報酬プラスアルファのものと聞くと、労働環境の改善や福利厚生の充実などが浮かびますが、人事としてできることは何でしょうか?

濱瀬

グローバル化の一環としてまさにいま取り組んでいるのが、評価指標の統一です。グローバルのメンバーを入れたチームでの議論を経て、コンピテンシー(評価基準となる行動特性)をシンプルにしました。

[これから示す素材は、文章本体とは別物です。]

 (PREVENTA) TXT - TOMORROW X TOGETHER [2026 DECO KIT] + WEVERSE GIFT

日本の本社が勝手に作るのではなく、違う背景や意見を持った者同士が、わっと意見を混ぜ合わせて作るべきだろうと。意見が違うので当然時間もかかるし、時差もあるしで大変なのですが、この大変さこそがダイバーシティだと捉えています。

杉島

前編では、ビジネスが多様化したことで、日本企業が中央集権型で主導することが難しくなってきたことから、海外を含めて組織を強化する「グローバル化」に取り組まれているというお話がありました。評価指標の議論は、まさにこの「グローバル化」を体現したものですね。

濱瀬

 そうですね。グローバルで、ゼロからみんなで議論することが大事ですから。「これを乗り越えなければ絶対にいいものはできない」と、メンバーにも働きかけていました。

杉島

ちなみに、以前の評価指標はどのようなものだったのでしょうか。

濱瀬

リーダーシップ評価には全部で54個の項目がありました。上司と社員それぞれが、この54個から伸ばしたい能力を5個選び、それに対してKPIを立て……という流れだったんです。

 

このやり方自体は、間違いではありません。ただ、会社が6万5千人と大きくなっており、先述のビジョン浸透、「Be the Right ONE」につなげるストーリーを描くためには、「どれでもいいから伸ばしましょう」ではなく豊通グループ社員である限りこれだけは絶対に備え、ステージを上げていってほしいもの」という項目を用意したほうがいい。そこで、54個からメイン項目5個、サブ項目11個に絞り込み、グローバルを含めた全社員共通の評価指標としました。全社徹底展開は推進中ですが。

杉島

確かに、そのほうが常に意識しやすいですね。

濱瀬

グローバルで取り組むのであれば、分かりやすいものにしなくてはいけません。シンプルになった代わりに、この評価指標は絶対守るべきものになりました。どんなにパフォーマンスが良くても、売上を上げても、評価指標に沿わなければ「Be the Right ONE」のストーリーに沿わないことを意味するので、評価の対象にはなりません。

杉島

評価指標と連動したことで、ビジョンが浸透しやすくなりますし、同じビジョンを共有した仲間同士が結びつくことで「報酬プラスアルファ」の部分も生まれやすい……。なるほど、すべてはつながっているわけですね。

濱瀬

人事としては、同じ志を持つ集団をつくることで、最高最強の組織を創りたいと思っています。離職もあるでしょうが当人の成長のためにもポジティブな退職であってほしいし、共鳴共感できるよい仲間と人生の日々を過ごせたことは素晴らしい財産だと思うのです。たとえ会社を離れても、いろいろな機会につながることもあるでしょう。

杉島

人とのつながりは続きますからね。弊社のクライアントにもグローバル展開をされている企業さんが多いので、今日の濱瀬さんのお話は有益なヒントになったと思います。なにより、私自身とても学びの多い時間になりました。今日はありがとうございました!